I went ahead and answered my question about the NIST key
derivation. It looks like this is a link to the current proposal
to NIST for a standard "Key Derivation Function":
<http://www.ietf.org/internet-drafts/draft-dang-nistkdf-00.txt>
There is also some discussion about this standard on the IETF
webpage. Here's a link to the e-mail list:
<http://www1.ietf.org/mail-archive/web/cfrg/current/threads.html>
Look for e-mails with the subject "Hash-Based Key Derivation".
Several people from the 1619 group are also members of the ietf
group, so we should be able to get some good feedback on pros and
cons of a KDF.
The NIST KDF spec above defines the key derivation as follows:
Compute Hash-i = H (counter || SV {|| algorithmID} || contextID
{|| SharedInfo}).
Where
counter is a 32-bit integer going from 1 to ceiling
(keydatalen / hashlen),
SV is the "Secret Value", or in this case, the 256-bit
AES key,
algorithmID is an optional algorithm identifier,
contextID is a combination of an identifier for both the sender
and receiver,
SharedInfo is an optional string with any additional data, and
|| is the concatenation operator
If we were to apply this standard to IEEE 1619.1, it would
probably look something like this:
NewKey = SHA-256(0x00000001 || UserKey || Len(FormatID) ||
FormatID || Len(Misc) || Misc)
Since the output of SHA-256 matches the 256-bit key size, it is
only necessary to run the hashing function once (that is, counter
only ever equals 0x00000001).
Can anyone from the IETF group make any comments on this
approach? What kind of pitfalls should we expect? Is it likely
to become a standard?
Since we're getting SV from an out-of-band method, we'll need to
conform to the requirements of Section 3.1. "To ensure that
distinct keying material is generated, a protocol supporting secret
values established out of band MUST include SharedInfo
substrings with transaction or application specific information
unique to this execution of the protocol." Perhaps the FormatID
could be defined as part of the sharedInfo.
As an aside, it is funny that the very definition of contextID
shows that the specification has been written with point-to-point
communication in scope, and not data storage :-)
Another nit: algorithmID is mandatory, and it appears to be an ASN.
1 OID. Which means that we need to get ASN.1 OIDs for all of our
algorithms if we want to conform, as far as I can tell.
As many of you probably already know, NIST maintains an ASN object
register for their crypto stuff.
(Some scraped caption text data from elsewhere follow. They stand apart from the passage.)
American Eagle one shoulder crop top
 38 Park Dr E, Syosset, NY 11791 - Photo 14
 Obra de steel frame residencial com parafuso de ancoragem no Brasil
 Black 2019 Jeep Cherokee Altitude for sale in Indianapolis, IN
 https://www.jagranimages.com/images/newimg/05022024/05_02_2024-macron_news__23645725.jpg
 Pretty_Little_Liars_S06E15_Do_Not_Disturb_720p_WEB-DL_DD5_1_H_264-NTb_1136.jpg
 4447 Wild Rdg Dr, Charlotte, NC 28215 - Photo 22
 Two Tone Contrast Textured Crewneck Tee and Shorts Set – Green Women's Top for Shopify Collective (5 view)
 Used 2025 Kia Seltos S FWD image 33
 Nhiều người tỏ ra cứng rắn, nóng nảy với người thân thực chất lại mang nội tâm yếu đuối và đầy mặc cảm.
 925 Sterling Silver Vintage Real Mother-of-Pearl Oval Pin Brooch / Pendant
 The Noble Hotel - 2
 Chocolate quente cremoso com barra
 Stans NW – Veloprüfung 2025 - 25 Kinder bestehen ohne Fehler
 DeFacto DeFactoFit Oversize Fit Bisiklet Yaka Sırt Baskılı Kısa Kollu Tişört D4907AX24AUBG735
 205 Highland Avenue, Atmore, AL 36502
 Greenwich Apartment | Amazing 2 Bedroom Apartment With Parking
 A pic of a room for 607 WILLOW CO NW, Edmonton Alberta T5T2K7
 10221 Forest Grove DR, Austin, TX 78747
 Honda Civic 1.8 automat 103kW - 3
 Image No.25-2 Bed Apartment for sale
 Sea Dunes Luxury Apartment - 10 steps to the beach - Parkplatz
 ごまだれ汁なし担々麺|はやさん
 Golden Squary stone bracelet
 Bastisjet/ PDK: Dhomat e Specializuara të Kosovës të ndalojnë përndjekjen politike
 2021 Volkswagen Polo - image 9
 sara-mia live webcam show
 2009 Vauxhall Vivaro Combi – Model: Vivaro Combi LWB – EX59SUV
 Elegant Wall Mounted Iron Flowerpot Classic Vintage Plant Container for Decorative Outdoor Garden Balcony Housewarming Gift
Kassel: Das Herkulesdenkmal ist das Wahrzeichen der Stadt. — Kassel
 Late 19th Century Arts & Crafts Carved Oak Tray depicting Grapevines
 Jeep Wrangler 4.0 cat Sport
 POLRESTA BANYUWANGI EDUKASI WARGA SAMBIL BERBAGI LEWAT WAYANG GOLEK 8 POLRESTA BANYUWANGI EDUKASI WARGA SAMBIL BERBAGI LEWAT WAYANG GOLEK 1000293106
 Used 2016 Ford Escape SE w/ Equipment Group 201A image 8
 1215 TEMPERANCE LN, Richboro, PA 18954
However, that registry appears to
be quite incomplete (I see only AES-128, AES-192, and AES-256 in ECB,
CBC, CFB, and OFB modes). The registry is online at http://
csrc.nist.gov/csor/algorithms.htm#modules
Does anyone know if there is a more complete registry somewhere?
David
Personally, I'd rather use HMAC-SHA256 instead of just SHA256.
This construct would help to reduce the entropy loss and would
also make it harder to attack SHA256 if a weakness is later found
in the hashing function. We could also remove the 'counter' since
it's always 1. Here is how this new approach could look:
NewKey = HMAC-SHA-256(UserKey, Len(FormatID) || FormatID || Len
(Misc) || Misc)
or, by the definition of HMAC:
NewKey = SHA-256(UserKey XOR 0x5C5C5C... || SHA-256(UserKey XOR
0x363636... || Len(FormatID) || FormatID) || Len(Misc) || Misc))
where
UserKey is the user-provided 256-bit key,
NewKey is the derived key later used in the AES-GCM engine,
FormatID is a globally unique identifier of the tape format, and
Misc is any other useful vendor-specific information.
Each length field would be a Big-Endian 32-bit integer indicating
the number of 8-bit bytes within the following field. The
FormatID and Misc fields would either be a Big-Endian Integer, or
a variable length ASCII string. 'FormatID' would need to be a
registered, unique identifier that globally identifies the
format. 'Misc' would be any other vendor-specific information
that would be useful in uniquely identifying the media.
Is this approach secure? Is there too much entropy loss? Comments?
If we're deriving many keys from the master key, then I agree that
HMAC is preferable. I'm not sure if that's the case, though. Your
proposal looks fine to me (though I'm not exactly sure on what
"Format" would contain).
David
Thanks,
-Matt